About This Site
This nViLog (nVidia Technology Log) site is meant to show the digital artists the hardware and software products which use the CUDA technology intensively. Due to an increasing number of applications and processing requirements of today’s graphics, we (the group at XenonMagazine.com & Digital Media eXtremE Studio) thought it would be great to have a list of available apps, cards, desktop workstations and notebooks that could help the digital artists in image processing (the upcoming Photoshop CS5 and others) and video processing (both gaming, but also video encoding and decoding of video files), so here you have it, a new site which is currently in development in order to ensure an accurate description of the latest products working with CUDA.
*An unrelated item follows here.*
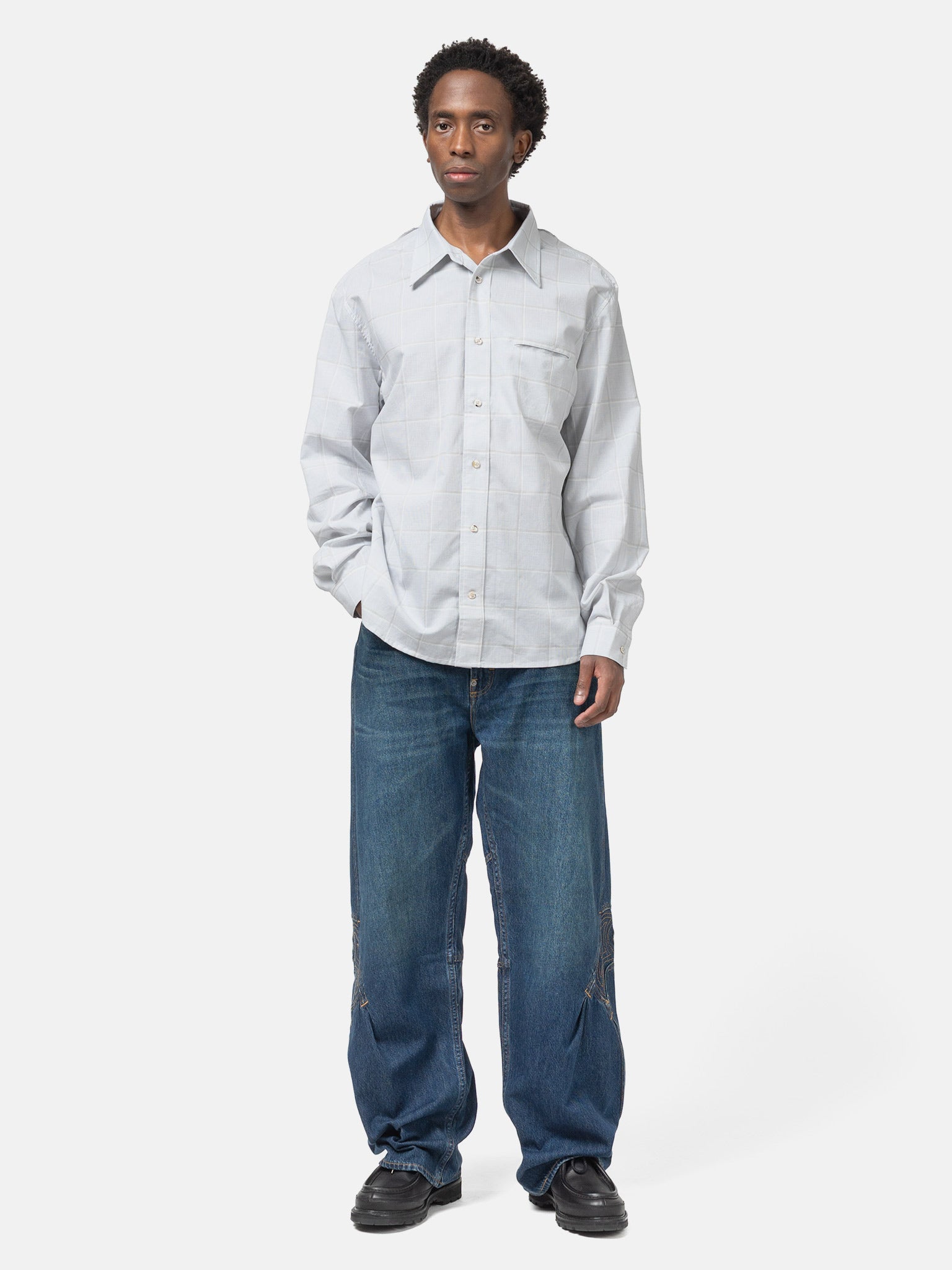 visvim Steiner Shirt L/S Grey | HAVEN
We do have the nVidia logo on our site but we are not affiliated with nVidia or any of nVidia’s partners. Yes, this site has a “hint” in its title (envy
), as to suggest that the ATI users have yet to see some dedicated apps that would harness the GPU power of their cards for video encoding – the ATI Vivo encoder is more like a joke when compared to Adobe Media Encoder, TMPGEnc Xpress, Badaboom and other video encoding apps that have support for many video formats (input and output) with advanced video filters (crop, noise removal, color correction and others) – basically, this was a smart move from nVidia to get their GPUs involved in more than just processing video games. Today’s requirements for digital artists are quite various and demanding – the old fashion way to encode only with the CPU is obsolete and it requires expensive quad-core CPUs being upgraded often. The apps mentioned above are not perfect (but then again, nothing is), but they represent a step forward that needs to be encouraged – so that is the aim of this site.